> Problem statement:
Can you copy out the data exactly? Leave the images out.

> Information shown:
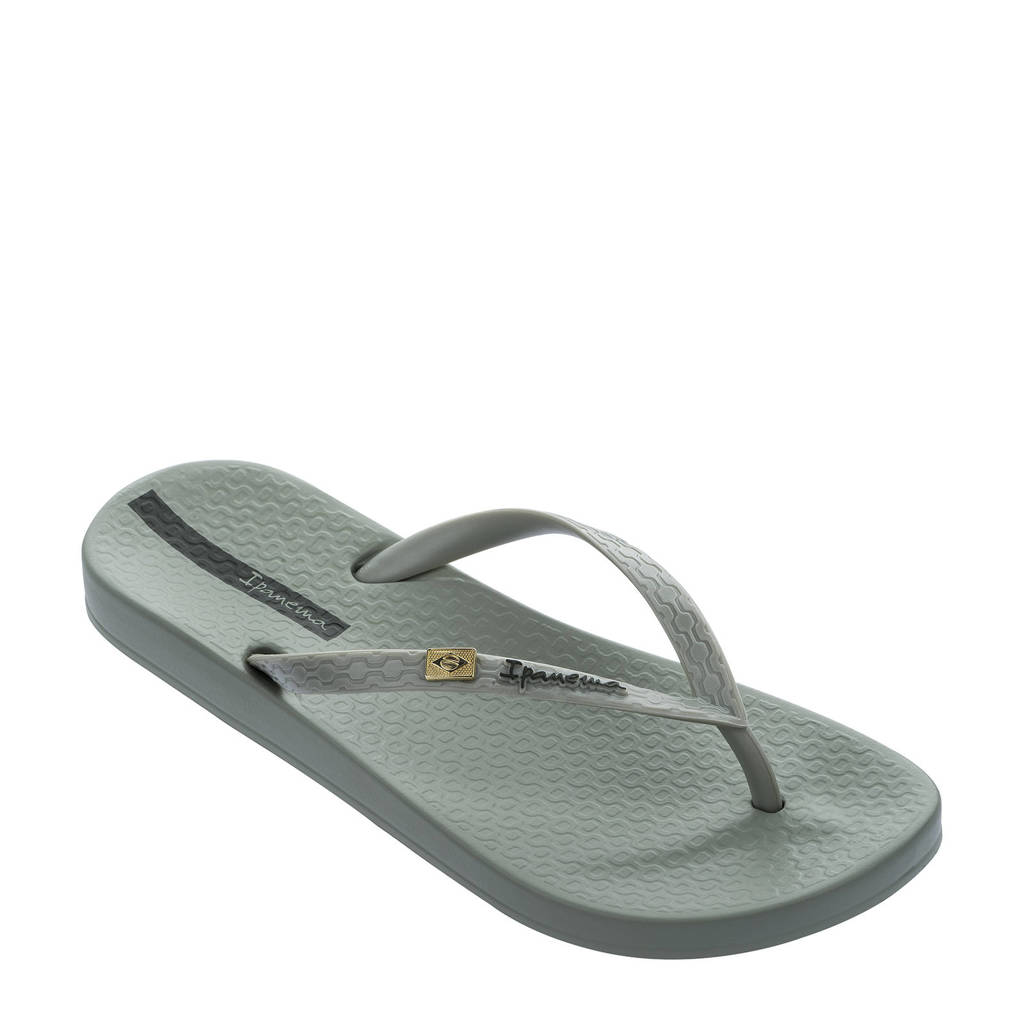 Groene dames Ipanema slippers Anatomic Brasilidade van natuurlijk materiaal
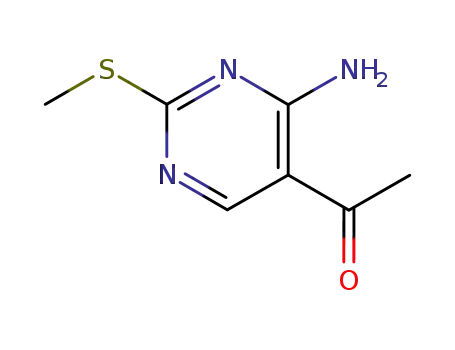 1-(4-AMino-2-Methylsulfanyl-pyriMidin-5-yl)-ethanone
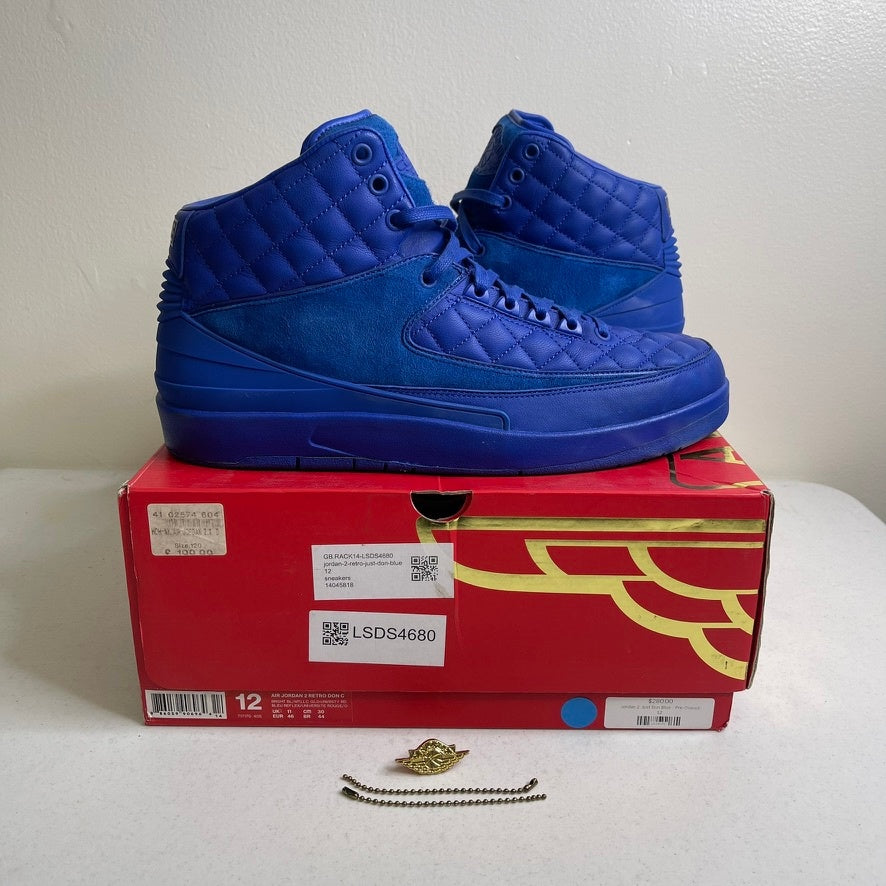 Jordan 2 Retro Just Don Blue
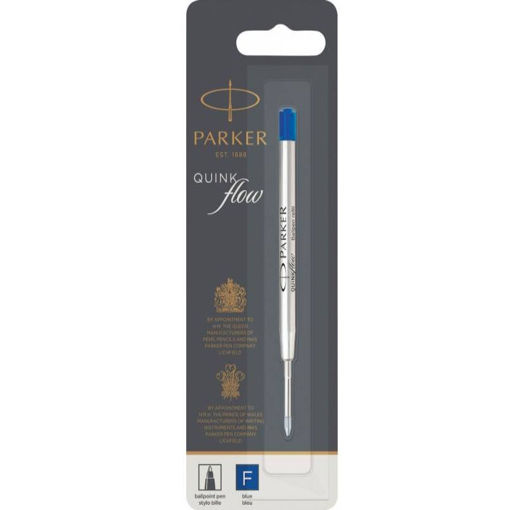 Εικόνα της Ανταλλακτικό Parker Quink Flow Ball Pen Fine blue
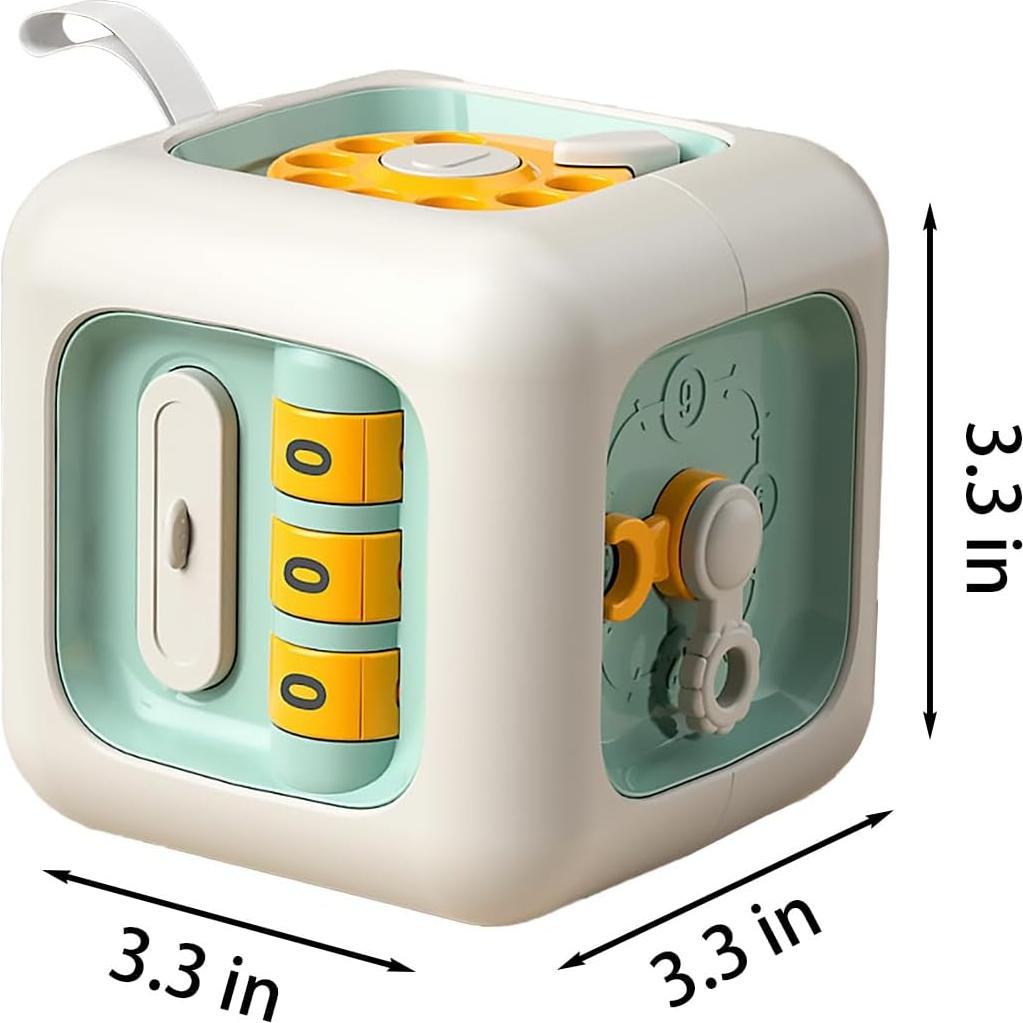 Cubo de Actividad Montessori Verde ZhildChen 6 en 1 para Niños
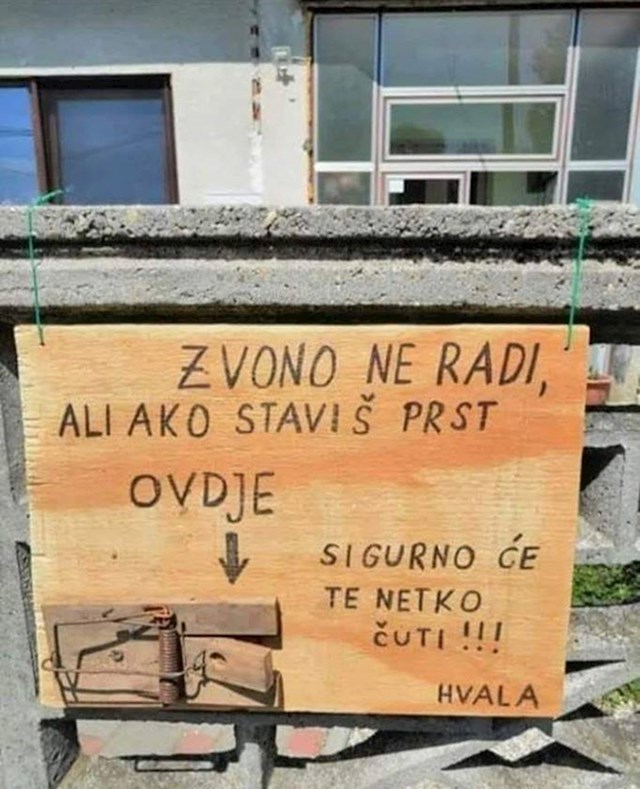 Evo što su napisali:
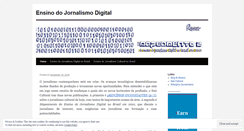 Desktop Screenshot of ensinodojornalismodigital.wordpress.com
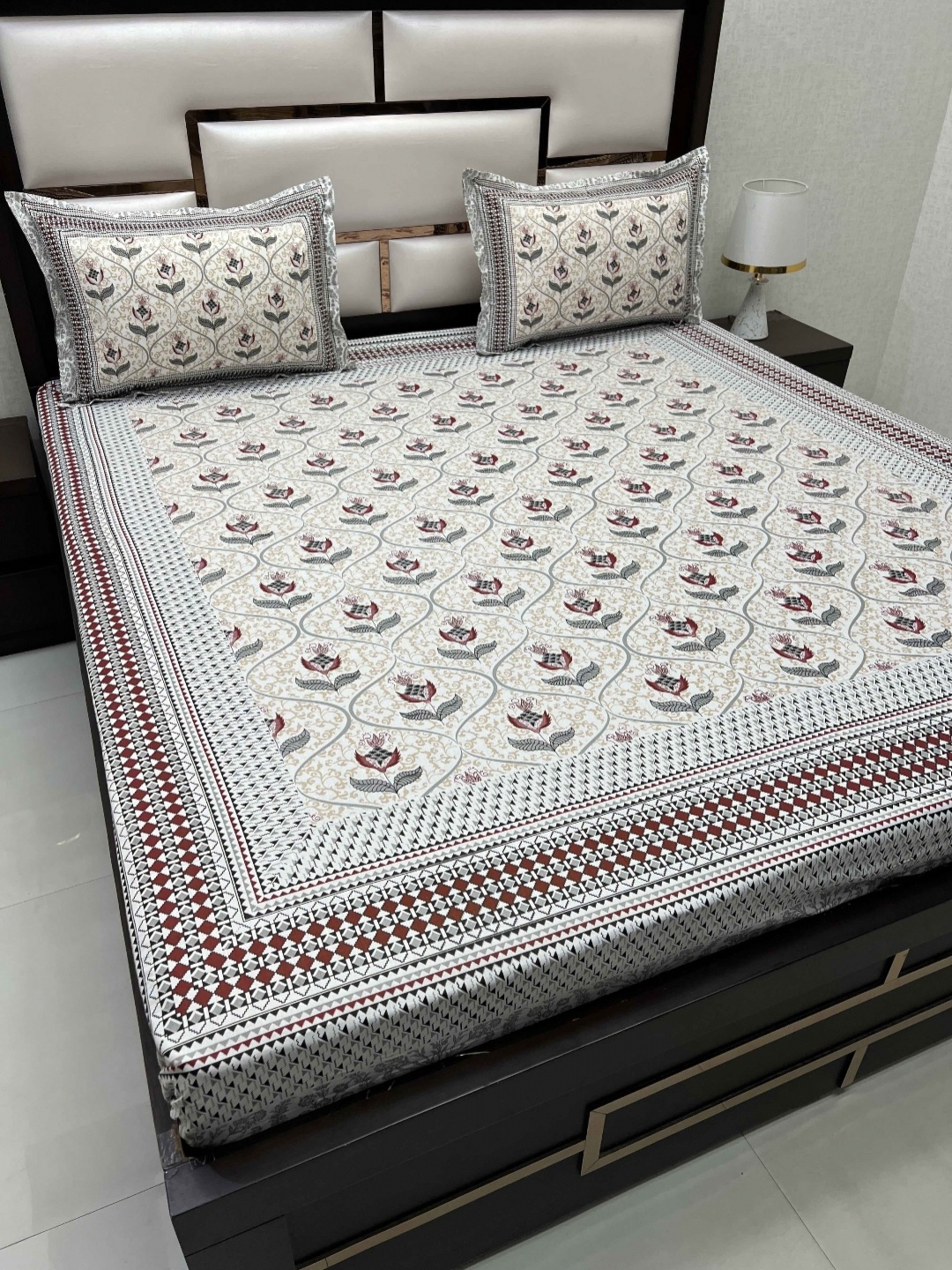 Pure Decor White Ethnic Motifs 220 TC Pure Cotton King Bedsheet With 2 Pillow Covers
Pure Decor White Ethnic Motifs 220 TC Pure Cotton King Bedsheet With 2 Pillow Covers
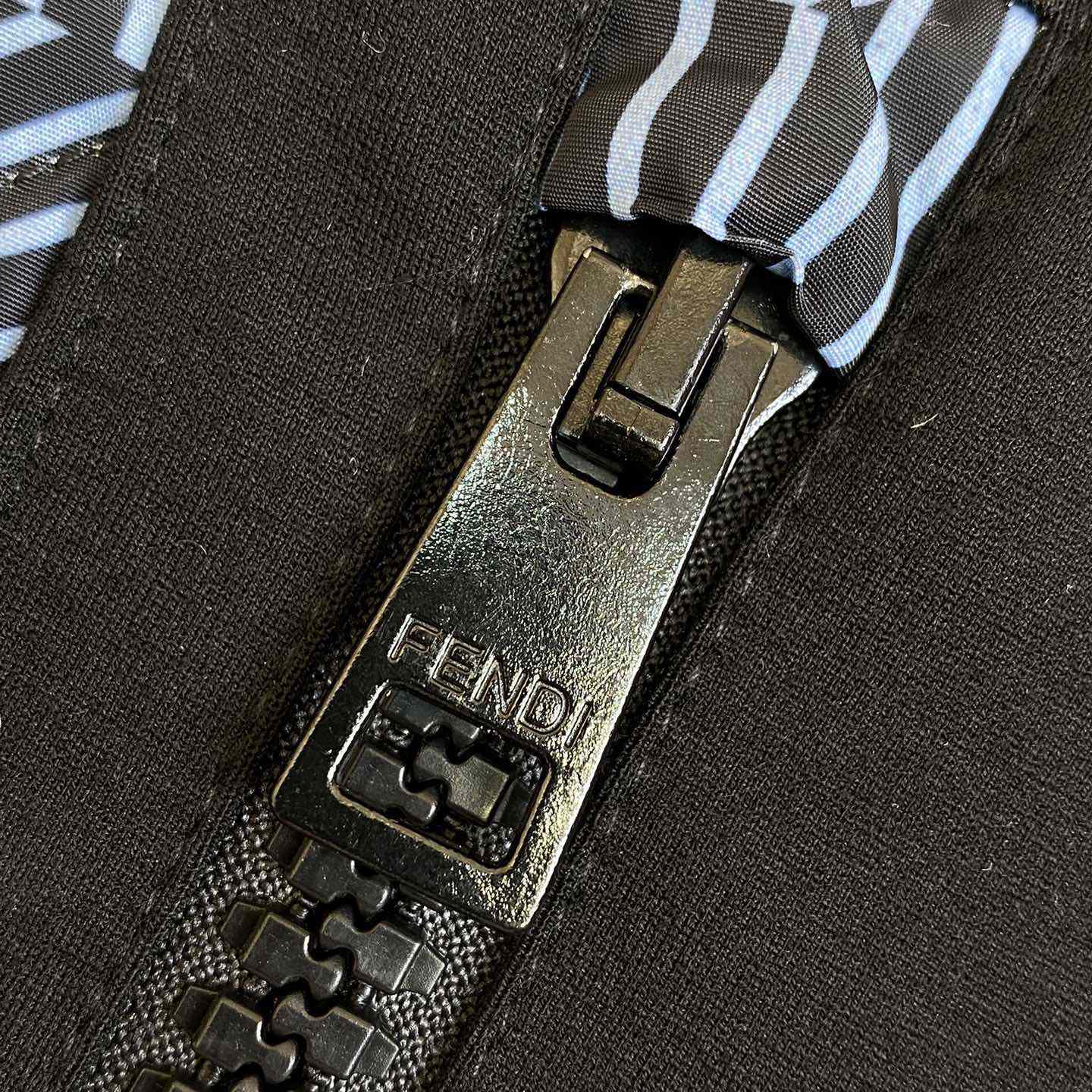 Fendi Shadow-print Panelled Down Jacket - FashionPlug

> Response to the task:
 Groene dames Ipanema slippers Anatomic Brasilidade van natuurlijk materiaal
 1-(4-AMino-2-Methylsulfanyl-pyriMidin-5-yl)-ethanone
 Jordan 2 Retro Just Don Blue
 Εικόνα της Ανταλλακτικό Parker Quink Flow Ball Pen Fine blue
 Cubo de Actividad Montessori Verde ZhildChen 6 en 1 para Niños
 Evo što su napisali:
 Desktop Screenshot of ensinodojornalismodigital.wordpress.com
 Pure Decor White Ethnic Motifs 220 TC Pure Cotton King Bedsheet With 2 Pillow Covers
Pure Decor White Ethnic Motifs 220 TC Pure Cotton King Bedsheet With 2 Pillow Covers
 Fendi Shadow-print Panelled Down Jacket - FashionPlug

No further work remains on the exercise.